What to work on: Start with the first line of the records below. Output each line exactly, ending with the one that contains "Camiseta rojo_tractor_amores (Anverso)".

Exercise materials:
== == ==

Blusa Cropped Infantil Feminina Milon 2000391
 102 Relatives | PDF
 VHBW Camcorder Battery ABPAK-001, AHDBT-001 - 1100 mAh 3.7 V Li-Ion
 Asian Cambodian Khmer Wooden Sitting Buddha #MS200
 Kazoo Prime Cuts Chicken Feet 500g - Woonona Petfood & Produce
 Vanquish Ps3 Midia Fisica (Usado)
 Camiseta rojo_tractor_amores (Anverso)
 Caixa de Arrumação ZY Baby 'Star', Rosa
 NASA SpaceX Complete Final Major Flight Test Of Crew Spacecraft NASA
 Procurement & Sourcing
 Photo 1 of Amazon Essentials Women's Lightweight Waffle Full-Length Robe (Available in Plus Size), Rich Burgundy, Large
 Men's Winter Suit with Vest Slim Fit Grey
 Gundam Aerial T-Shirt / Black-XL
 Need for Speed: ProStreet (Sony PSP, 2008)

== == ==

Task response:
Blusa Cropped Infantil Feminina Milon 2000391
 102 Relatives | PDF
 VHBW Camcorder Battery ABPAK-001, AHDBT-001 - 1100 mAh 3.7 V Li-Ion
 Asian Cambodian Khmer Wooden Sitting Buddha #MS200
 Kazoo Prime Cuts Chicken Feet 500g - Woonona Petfood & Produce
 Vanquish Ps3 Midia Fisica (Usado)
 Camiseta rojo_tractor_amores (Anverso)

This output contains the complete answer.